About 250 people came to an event that in earlier years had drawn only about 60 people. Participant Lyle Keewatin Richards described a “fantastic turnout” for the 15th annual feast. “It just gets better and better every year,” he added of the event, organized by Safe Harbour.
“Oh my goodness, I’m so pleased we had so many people and that everybody got fed a lot and went home with gifts,” said Theresa “Corky” Larsen-Jonasson, of the group Red Feather Women.
Rounds of diverse foods, including stewed cranberries and other fruit, bannock, and beef jerky, were served up at no cost to feast participants of all ages and backgrounds. Members of Red Feather Women had made 400 sandwiches for the event.

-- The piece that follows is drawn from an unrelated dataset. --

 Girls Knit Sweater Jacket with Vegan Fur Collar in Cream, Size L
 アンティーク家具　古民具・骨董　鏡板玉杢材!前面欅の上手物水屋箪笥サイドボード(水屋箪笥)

Among many other sponsors and donors were the Red Deer Public and Catholic Schools, which made up candy bags, and Parkland CLASS volunteers who baked bannock.
Before lunch, Indigenous ceremonies of remembrance were held and appreciation expressed for the “quiet warriors” who are making a positive difference in the community. Feast participants also heard traditional singing, drumming and storytelling.
Special guests included dignitaries from the Blackfoot Nation, who presented Red Deer elder Lynn Jonasson (who is of Cree and Icelandic descent) with a feathered headdress in recognition of his years of community mentoring and dedication to “well-briety” work with several organizations in the Red Deer area. Before the ceremony, Jonasson said he feels humbled by this gift which is a real honour to receive.
Guests from Haida Gwaii, from the Northern Coast of British Columbia, also attended the Spring Feast, as did Red Deer Mayor Ken Johnston and several city councillors, many other citizens and representatives of Safe Harbour and other local groups.
Indigenous and non-Indigenous people were welcomed as organizers said no one should be turned away who wants to attend the ceremonies. But the unexpected number of cars in the park caused a parking crunch.
As a temporary measure, vehicles were allowed to park along the county access road leading to Fort Normandeau after all of the park’s parking spots filled up. But this was a one-time solution since ‘No Parking’ signs are erected along this road, which has no shoulder and is unsafe for walking along, said Todd Nivens, executive-director of the Waskasoo Environmental Education Society.
Nivens said discussions will be held before next year’s feast about how overflow parking can be handled. A possible solution is arranging for some bus shuttles to the park.
The Spring Feast is held annually at Fort Normandeau because of the site’s historic associations as a trading spot for First Nations people and where they traditionally crossed the Red Deer River. Sweat lodges are now at the site. It is directly across the river from the demolished Red Deer Industrial School that operated, with a high student mortality rate, between 1893 and 1919.